═════ Data to process ═════

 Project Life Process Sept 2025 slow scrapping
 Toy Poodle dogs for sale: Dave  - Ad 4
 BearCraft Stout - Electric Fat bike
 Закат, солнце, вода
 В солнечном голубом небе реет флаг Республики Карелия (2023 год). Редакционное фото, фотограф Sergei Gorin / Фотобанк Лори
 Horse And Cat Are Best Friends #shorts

═════
═════ Data to process ═════

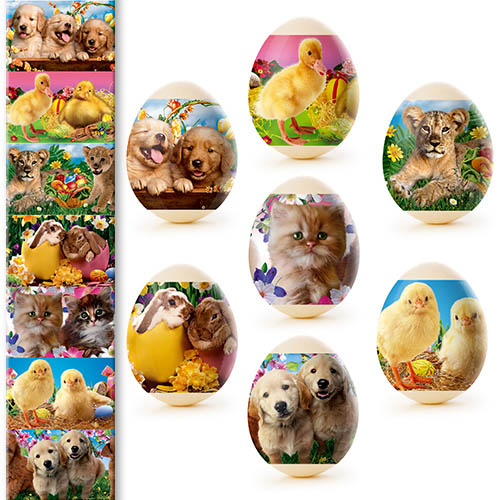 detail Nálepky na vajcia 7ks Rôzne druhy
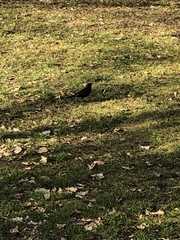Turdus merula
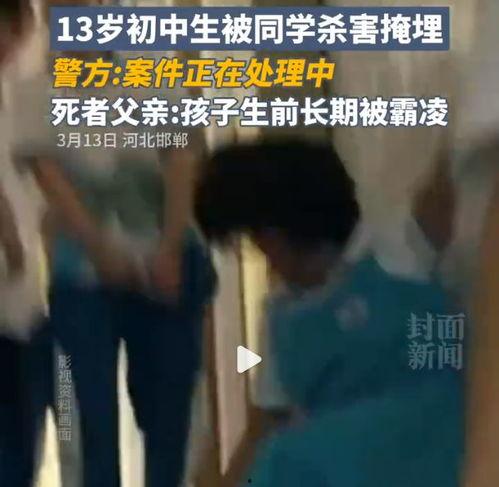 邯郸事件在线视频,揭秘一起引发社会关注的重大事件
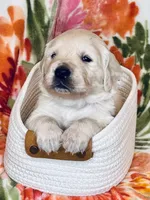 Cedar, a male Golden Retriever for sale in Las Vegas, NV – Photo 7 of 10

═════
═════ Data to process ═════

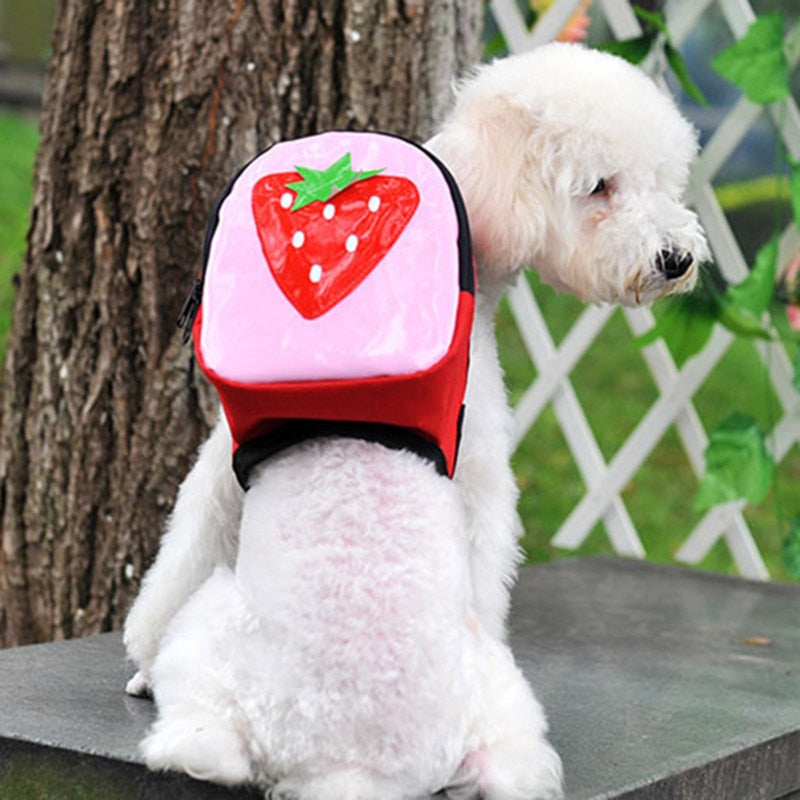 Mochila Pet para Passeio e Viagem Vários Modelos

═════

◆ Directions for this task: Above are the entries. Quote exactly the lines from the one bearing "Toy Poodle dogs" through the one bearing "Horse And Cat Are Best Friends #shorts".

◆ Problem solution:
 Toy Poodle dogs for sale: Dave  - Ad 4
 BearCraft Stout - Electric Fat bike
 Закат, солнце, вода
 В солнечном голубом небе реет флаг Республики Карелия (2023 год). Редакционное фото, фотограф Sergei Gorin / Фотобанк Лори
 Horse And Cat Are Best Friends #shorts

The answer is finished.